WHAT TO WORK ON: The required output is the exact run of lines below that opens at the line with "Vtg 90s Sara" and closes at the line with "Robotic arm performing".

TASK MATERIAL:
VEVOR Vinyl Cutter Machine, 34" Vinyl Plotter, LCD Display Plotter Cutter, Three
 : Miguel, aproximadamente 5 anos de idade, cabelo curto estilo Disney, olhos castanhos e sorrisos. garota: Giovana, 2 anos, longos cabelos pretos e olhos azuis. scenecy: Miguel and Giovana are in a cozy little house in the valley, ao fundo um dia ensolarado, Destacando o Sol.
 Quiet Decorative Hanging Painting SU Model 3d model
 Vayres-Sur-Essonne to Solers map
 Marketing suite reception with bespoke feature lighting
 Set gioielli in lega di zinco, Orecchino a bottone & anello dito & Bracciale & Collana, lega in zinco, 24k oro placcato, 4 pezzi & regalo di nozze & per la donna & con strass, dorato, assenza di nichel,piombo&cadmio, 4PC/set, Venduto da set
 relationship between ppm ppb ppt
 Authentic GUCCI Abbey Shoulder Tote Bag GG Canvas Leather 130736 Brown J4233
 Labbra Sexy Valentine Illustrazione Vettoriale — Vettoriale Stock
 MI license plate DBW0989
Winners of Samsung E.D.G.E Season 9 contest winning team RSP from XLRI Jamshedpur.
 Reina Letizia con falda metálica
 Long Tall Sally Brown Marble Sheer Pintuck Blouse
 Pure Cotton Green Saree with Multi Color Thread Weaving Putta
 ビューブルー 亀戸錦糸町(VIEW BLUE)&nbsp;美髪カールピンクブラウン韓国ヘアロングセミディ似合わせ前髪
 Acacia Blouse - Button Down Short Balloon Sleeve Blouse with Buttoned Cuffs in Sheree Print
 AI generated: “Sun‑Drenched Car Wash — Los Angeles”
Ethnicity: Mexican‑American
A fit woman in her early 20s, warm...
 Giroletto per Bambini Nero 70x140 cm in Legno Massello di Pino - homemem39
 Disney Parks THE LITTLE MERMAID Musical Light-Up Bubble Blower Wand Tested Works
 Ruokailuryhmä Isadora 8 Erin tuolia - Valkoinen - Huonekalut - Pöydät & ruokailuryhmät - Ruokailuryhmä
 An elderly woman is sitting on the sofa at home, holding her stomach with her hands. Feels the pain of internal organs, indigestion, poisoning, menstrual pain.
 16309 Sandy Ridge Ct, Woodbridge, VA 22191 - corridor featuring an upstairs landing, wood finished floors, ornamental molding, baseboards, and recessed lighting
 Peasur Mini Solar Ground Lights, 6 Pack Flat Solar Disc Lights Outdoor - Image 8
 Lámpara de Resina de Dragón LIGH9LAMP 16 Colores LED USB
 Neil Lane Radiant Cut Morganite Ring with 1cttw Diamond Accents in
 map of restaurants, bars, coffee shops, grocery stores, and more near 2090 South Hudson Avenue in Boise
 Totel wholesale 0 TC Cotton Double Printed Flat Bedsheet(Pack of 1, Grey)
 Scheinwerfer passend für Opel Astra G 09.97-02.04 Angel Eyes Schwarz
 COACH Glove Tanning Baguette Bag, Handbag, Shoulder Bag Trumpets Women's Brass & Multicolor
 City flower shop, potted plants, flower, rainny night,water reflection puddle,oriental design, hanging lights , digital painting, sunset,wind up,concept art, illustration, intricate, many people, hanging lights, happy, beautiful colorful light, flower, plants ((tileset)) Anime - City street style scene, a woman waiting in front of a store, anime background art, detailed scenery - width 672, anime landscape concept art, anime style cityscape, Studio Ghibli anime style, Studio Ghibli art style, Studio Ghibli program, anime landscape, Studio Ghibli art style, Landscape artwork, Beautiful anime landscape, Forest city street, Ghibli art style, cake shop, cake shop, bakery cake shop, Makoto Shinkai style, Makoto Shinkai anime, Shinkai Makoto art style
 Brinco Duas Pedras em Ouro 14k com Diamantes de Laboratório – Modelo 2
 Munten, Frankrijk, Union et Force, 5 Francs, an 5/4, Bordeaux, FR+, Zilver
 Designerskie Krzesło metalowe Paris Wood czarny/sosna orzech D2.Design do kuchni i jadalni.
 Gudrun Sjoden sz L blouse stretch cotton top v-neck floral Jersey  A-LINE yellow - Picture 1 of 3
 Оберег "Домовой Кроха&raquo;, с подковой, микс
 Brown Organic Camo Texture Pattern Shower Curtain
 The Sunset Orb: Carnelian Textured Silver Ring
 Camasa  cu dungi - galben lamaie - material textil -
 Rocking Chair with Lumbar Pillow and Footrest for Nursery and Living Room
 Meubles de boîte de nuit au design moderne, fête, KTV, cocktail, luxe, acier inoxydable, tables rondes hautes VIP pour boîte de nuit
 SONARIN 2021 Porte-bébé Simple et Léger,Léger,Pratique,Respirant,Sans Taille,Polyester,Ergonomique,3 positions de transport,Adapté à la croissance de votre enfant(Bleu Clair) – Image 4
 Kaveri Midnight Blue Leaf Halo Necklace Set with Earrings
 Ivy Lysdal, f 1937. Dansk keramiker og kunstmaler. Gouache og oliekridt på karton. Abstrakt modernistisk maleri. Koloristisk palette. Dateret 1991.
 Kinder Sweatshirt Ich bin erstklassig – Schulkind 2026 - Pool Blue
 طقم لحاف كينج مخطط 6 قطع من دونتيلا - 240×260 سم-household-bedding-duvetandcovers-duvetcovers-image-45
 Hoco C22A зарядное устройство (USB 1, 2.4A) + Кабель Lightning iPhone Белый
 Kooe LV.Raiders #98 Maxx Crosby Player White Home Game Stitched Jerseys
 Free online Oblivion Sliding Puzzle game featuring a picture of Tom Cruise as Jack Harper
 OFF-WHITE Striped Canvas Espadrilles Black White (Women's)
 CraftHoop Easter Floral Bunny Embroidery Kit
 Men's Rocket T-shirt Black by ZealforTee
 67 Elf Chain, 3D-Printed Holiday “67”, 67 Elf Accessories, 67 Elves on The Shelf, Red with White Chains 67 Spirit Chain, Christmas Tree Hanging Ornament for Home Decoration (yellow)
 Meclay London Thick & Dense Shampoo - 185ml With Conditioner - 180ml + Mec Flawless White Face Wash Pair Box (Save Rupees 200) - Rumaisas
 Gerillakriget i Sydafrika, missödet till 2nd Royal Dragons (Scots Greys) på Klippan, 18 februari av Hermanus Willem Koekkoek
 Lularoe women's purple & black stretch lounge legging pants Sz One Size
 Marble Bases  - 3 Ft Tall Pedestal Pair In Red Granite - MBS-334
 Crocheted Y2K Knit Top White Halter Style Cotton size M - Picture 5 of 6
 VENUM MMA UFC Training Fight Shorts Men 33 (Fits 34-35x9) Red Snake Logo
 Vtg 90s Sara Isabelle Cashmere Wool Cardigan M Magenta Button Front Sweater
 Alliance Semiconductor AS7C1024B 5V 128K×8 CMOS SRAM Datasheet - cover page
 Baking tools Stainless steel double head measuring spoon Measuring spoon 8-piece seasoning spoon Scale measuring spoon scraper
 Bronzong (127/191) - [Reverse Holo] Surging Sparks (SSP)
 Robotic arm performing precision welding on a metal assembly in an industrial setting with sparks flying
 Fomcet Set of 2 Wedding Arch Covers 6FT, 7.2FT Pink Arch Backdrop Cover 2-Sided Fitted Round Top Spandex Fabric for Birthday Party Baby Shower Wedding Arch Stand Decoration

EXERCISE SOLUTION:
 Vtg 90s Sara Isabelle Cashmere Wool Cardigan M Magenta Button Front Sweater
 Alliance Semiconductor AS7C1024B 5V 128K×8 CMOS SRAM Datasheet - cover page
 Baking tools Stainless steel double head measuring spoon Measuring spoon 8-piece seasoning spoon Scale measuring spoon scraper
 Bronzong (127/191) - [Reverse Holo] Surging Sparks (SSP)
 Robotic arm performing precision welding on a metal assembly in an industrial setting with sparks flying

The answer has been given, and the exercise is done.